Ich fand die Idee, dass es eine Art Spielgruppe geben soll, damit Flüchtlingskinder mit unseren zusammen spielen können, durchaus sinnvoll. Probleme sehe ich allerdings in Bezug auf Tuberkulose und andere ansteckende Krankheiten. Solange es eine Erstaufnahme ist und eine Infektion nicht ausgeschlossen werden kann, halte ich es für mehr als fraglich, ob die Sicherheitsanforderungen in Bezug auf diese übertragbaren Krankheiten gegeben sind. Anders als der Herr vom Gesundheitsamt habe ich nämlich die Information, dass Tuberkulose durch Tröpfcheninfektion weitergegeben wird, und nicht wie er es erklärte, ein mindestens 24 stündiger Kontakt mit einem Infizierten auf engen Raum bestehen muss.

PS: Ich habe wie mein Vater es mir beigebracht hat, nochmal eine Nacht darüber geschlafen, wenn auch eher schlecht, bevor ich Ihnen diesen Brief geschrieben habe.

Ich gehe davon aus, dass Sie Selbiges tun werden, und freue mich über Ihre baldige Stellungnahme zu dem Thema.

PPS: Sie, Herr Mohrs, fielen mir schon aufgrund ihrer Körpersprache unangenehm auf, denn Sie saßen

vor all diesen Eltern mit verschränkten Armen, leicht zurückgelehnt, was einen selbstgefälligen Eindruck auf mich machte, so wie der, eines bockigen Kindes, welches keine Lust auf diese Veranstaltung hat.

Soviel zur non-verbalen Kommunikation.
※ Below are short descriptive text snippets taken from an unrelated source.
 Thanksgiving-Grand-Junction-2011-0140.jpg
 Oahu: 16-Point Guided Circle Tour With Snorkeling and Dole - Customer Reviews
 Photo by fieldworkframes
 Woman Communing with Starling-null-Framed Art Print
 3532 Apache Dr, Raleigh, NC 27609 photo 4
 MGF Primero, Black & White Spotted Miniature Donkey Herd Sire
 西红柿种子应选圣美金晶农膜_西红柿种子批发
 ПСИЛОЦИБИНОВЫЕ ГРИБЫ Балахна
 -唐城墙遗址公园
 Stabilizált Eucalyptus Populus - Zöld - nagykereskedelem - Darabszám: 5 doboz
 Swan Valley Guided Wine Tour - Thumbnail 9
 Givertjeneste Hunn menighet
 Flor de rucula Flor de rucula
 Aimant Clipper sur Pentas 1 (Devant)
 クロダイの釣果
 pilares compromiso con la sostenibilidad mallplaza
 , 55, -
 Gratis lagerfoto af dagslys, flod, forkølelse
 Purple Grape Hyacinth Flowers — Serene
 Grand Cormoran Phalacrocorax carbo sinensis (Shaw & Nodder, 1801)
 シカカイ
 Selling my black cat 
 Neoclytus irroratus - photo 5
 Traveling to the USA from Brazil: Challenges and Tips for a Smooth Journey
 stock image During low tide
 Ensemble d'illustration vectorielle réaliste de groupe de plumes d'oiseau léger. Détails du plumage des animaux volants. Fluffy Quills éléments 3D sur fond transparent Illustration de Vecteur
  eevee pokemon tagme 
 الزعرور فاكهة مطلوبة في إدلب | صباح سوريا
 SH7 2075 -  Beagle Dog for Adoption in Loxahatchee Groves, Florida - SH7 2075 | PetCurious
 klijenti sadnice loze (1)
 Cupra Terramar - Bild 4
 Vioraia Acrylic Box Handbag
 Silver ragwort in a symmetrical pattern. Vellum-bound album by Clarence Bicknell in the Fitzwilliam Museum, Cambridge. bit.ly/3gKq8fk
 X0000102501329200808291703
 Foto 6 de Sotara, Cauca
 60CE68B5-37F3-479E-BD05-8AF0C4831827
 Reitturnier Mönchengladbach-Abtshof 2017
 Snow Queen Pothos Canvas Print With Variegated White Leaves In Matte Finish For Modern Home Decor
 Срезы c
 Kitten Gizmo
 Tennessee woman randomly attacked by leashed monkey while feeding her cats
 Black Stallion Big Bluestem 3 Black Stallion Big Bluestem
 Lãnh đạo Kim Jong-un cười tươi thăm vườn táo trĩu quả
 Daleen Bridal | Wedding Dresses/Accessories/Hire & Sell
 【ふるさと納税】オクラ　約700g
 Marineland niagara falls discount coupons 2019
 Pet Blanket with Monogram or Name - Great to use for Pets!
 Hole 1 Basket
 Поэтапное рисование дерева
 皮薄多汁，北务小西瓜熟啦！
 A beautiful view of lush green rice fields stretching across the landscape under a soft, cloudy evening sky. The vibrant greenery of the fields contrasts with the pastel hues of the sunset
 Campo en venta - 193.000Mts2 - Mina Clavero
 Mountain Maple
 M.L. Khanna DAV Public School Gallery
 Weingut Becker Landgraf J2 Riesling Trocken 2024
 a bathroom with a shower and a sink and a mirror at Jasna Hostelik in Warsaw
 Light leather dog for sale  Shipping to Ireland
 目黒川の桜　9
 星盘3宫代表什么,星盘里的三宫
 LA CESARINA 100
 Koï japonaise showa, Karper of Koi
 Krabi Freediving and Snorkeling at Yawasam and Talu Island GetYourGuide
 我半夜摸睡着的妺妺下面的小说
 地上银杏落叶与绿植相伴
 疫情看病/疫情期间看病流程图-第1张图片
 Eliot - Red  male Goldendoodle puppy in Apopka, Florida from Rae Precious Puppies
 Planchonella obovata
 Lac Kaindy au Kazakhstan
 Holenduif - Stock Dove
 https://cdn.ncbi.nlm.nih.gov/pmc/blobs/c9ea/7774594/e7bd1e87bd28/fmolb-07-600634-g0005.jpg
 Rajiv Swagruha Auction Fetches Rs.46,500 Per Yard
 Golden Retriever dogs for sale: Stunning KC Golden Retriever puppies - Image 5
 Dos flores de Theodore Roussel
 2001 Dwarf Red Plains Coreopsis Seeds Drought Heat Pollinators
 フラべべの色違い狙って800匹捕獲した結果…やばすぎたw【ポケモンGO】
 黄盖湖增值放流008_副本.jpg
Sie als studierter Soziologe, Pädagoge und Psychologe

können bestimmt sehr gut nachvollziehen, wie dies auf Ihren Gegenüber wirkt, leider war Ihnen das zu diesem

Zeitpunkt scheinbar nicht geläufig.

Mit freundlichem Gruß

Mark Heilmann

Klaus Mohrs 09.11.2015 16:17:03

Sehr geehrter Herr Heilmann,

mir ist nicht erst durch Ihren sehr ausführlichen Brief, sondern auch an dem Elternabend sehr bewusst gewesen, dass Sie große Sorge um das Wohl Ihres Kindes haben.

Ihr Wunsch ist es, dass mit einer Präsenz von Sicherheitspersonal, Ihre Angst entschärft wird. Ihr Vorschlag dazu ist morgens zu Schulbeginn und mittags zum Schulende durch entsprechendes Sicherheitspersonal Ihr Gefühl von Sicherheit zu erhöhen.

Ich nehme Ihre Hinweise ernst, auch wenn ich nicht zu den gleichen Schlussfolgerungen komme. Gerade zu Schulbeginn und auch zum Schulende ist der Bereich um den Haupteingang der Schule sehr belebt und bietet dadurch schon ein erhebliches Maß an Sicherheit durch soziale Kontrolle.

Ich habe im Übrigen ebenfalls die Gelegenheit genutzt eine Nacht darüber zu schlafen, bevor ich Ihnen auf diesem Wege antworte und bin zu folgendem Ergebnis gelangt:

1. In den nächsten Wochen wird immer mal wieder der städtische Ordnungsdienst sich ein Bild machen von der Abholsituation der Kinder vor dem Haupteingang. Hier ist es gut ein paar Fakten und Beobachtungen zu haben, um den Gegebenheiten gerecht zu werden.

2. Frau Bothe und ich bieten Ihnen einen gemeinsamen Termin an, um ausführlich auf die verschiedenen Aspekte Ihres Schreibens einzugehen, unsere Beweggründe darzulegen und uns mit Ihnen im Dialog auszutauschen.